In Nigerian Treasury Bill auctions, the discount rate is the annualised percentage deducted from face value to determine your purchase price. The stop rate is the highest discount rate the CBN accepts at a particular auction. They're related but distinct concepts, and confusing them leads to miscalculating your actual investment return.
When you buy a T-bill, you pay less than face value and receive the full amount at maturity. The discount rate determines how much less you pay. For a 364-day T-bill with a 20% discount rate and N1,000,000 face value, you'd pay N800,000 and receive N1,000,000 at maturity. That N200,000 difference is your return.
The discount rate isn't the same as your true yield, though. Because you're earning N200,000 on an investment of N800,000 (not N1,000,000), your effective annual return is actually 25%, not 20%. This distinction matters enormously when comparing T-bills to bank deposit rates or other investments that quote yields on an invested-capital basis.
For shorter tenors, you also need to annualise correctly. A 91-day bill with a 5% discount for the period translates to a different annualised rate than simply multiplying by four. The market convention in Nigeria is to quote discount rates on an annualised basis already, but it's worth confirming how your bank or platform presents the numbers.
The stop rate is an auction outcome, not something you choose. It's the highest discount rate at which the CBN fills competitive bids during a particular auction.
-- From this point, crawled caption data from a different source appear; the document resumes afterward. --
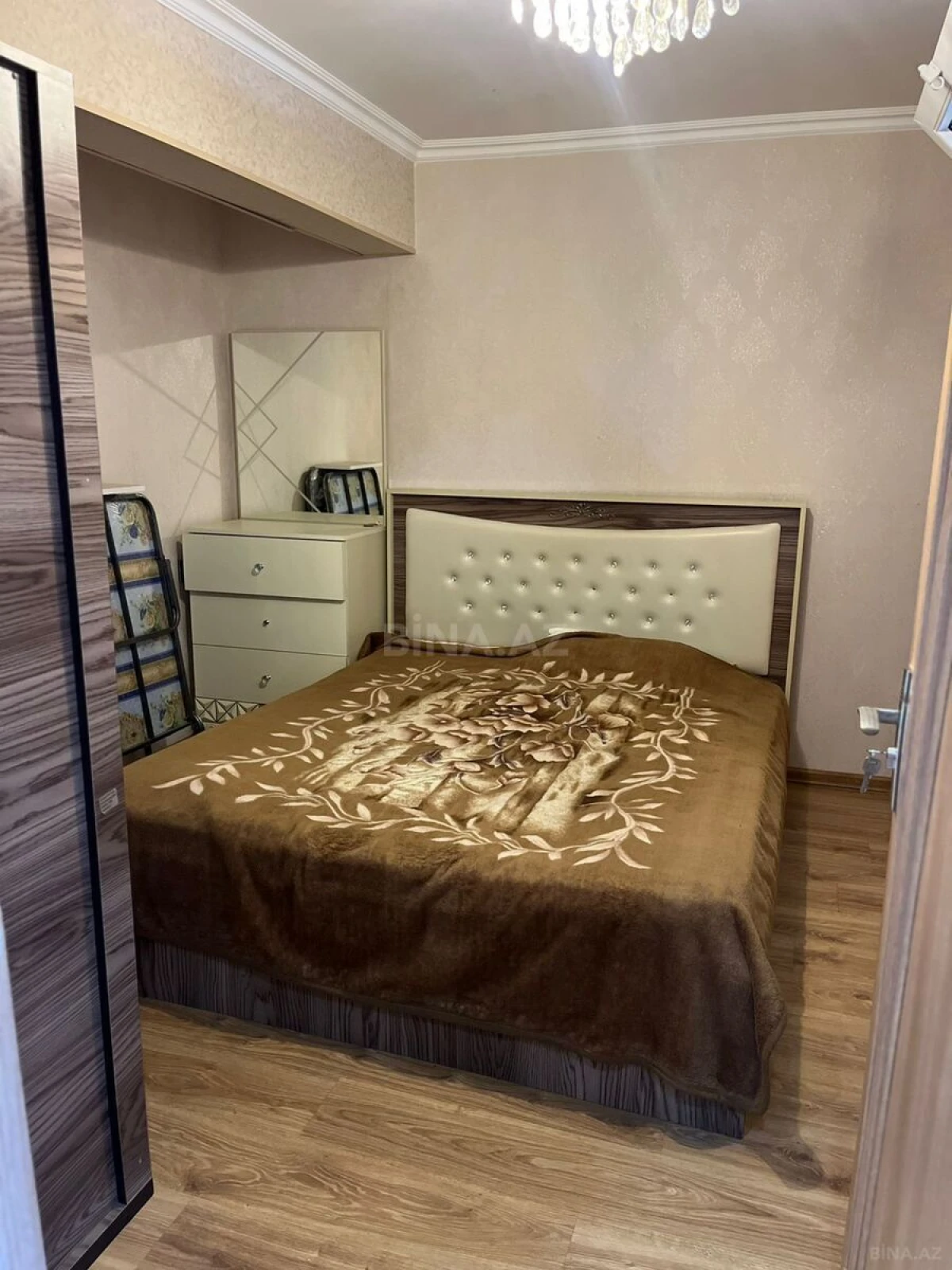Satılır 3 otaqlı mənzil 70 m²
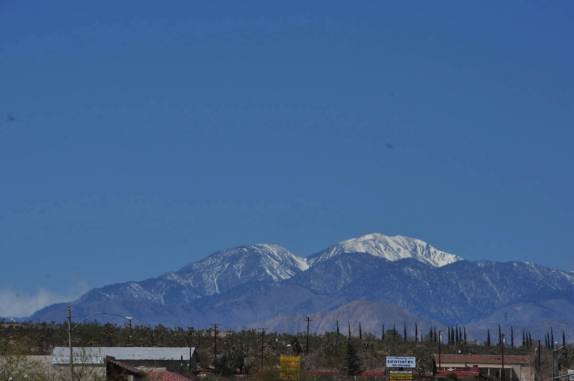As belas e grandiosas paisagens nas estradas do interior americano (sul da Califórnia - EUA)
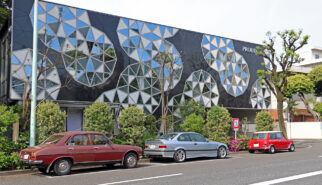 Classic Cars Daikanyama Tokyo Drive-by Snapshots by Sebastian Motsch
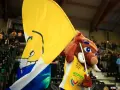 Maskotka z wielką żółtą flagą na meczu w Kielcach.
Think of it as the clearing price. Everyone who bid at or below the stop rate gets their allocation; those who demanded higher rates get nothing.
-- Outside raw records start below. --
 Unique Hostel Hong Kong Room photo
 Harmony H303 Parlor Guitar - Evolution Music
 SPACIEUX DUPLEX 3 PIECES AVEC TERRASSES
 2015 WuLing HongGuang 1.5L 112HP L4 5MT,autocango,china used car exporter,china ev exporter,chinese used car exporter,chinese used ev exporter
Non-competitive bidders, which includes most retail investors, automatically receive the stop rate. This is why the stop rate effectively becomes the market rate for that tenor until the next auction. When news outlets report that "91-day T-bill rate is 19%," they're usually referencing the stop rate from the most recent auction.
Watching stop rate trends across auctions gives you a sense of monetary policy direction. A consistently rising stop rate means the CBN is allowing rates to climb, which often signals a tightening stance even before formal MPC announcements. Falling stop rates suggest the opposite.
The formula to convert a discount rate to a true (or investment) yield is straightforward. True yield equals the discount rate divided by (1 minus the discount rate multiplied by days to maturity divided by 365). For a 364-day bill at a 20% discount rate, that gives you approximately 24.9%.
This conversion matters most for the 364-day tenor where the gap between discount rate and true yield is widest. For 91-day bills, the difference is smaller but still significant if you're comparing against alternatives. A 91-day bill at 18% discount rate gives a true yield of roughly 18.8%.
Nigerian banks and platforms don't always clarify which rate they're showing you. Some advertise the discount rate because it looks cleaner, while others show the true yield because it looks higher. Always ask which convention is being used, or do the conversion yourself to make fair comparisons across investment options.
VENOBLE INSIGHT
We've seen retail investors consistently underestimate their T-bill returns by confusing discount rates with true yields. On a N10 million 364-day T-bill at a 20% discount rate, the true yield of roughly 25% means you're earning an extra N100,000 beyond what the headline rate suggests. VCORE stores both rates for every auction, making historical comparisons accurate.
The stop rate is the highest discount rate the CBN accepts during a T-bill auction. It's determined by sorting all competitive bids from lowest to highest rate and filling them until the total offer amount is allocated. The rate on the last bid filled becomes the stop rate. Non-competitive bidders, including most retail participants, automatically receive this rate.
Divide the discount rate by (1 minus the discount rate times days to maturity divided by 365). For example, a 364-day T-bill at 20% discount rate: 0.20 divided by (1 minus 0.20 times 364/365) equals approximately 24.9%. This true yield reflects your actual return on the amount you invested, not the face value.
Because you invest less than the face value but earn a return calculated on that face value. If you pay N800,000 for a N1,000,000 bill, your N200,000 gain is 25% of what you actually invested, even though the discount from face value was only 20%. The smaller your outlay relative to face value, the wider this gap becomes.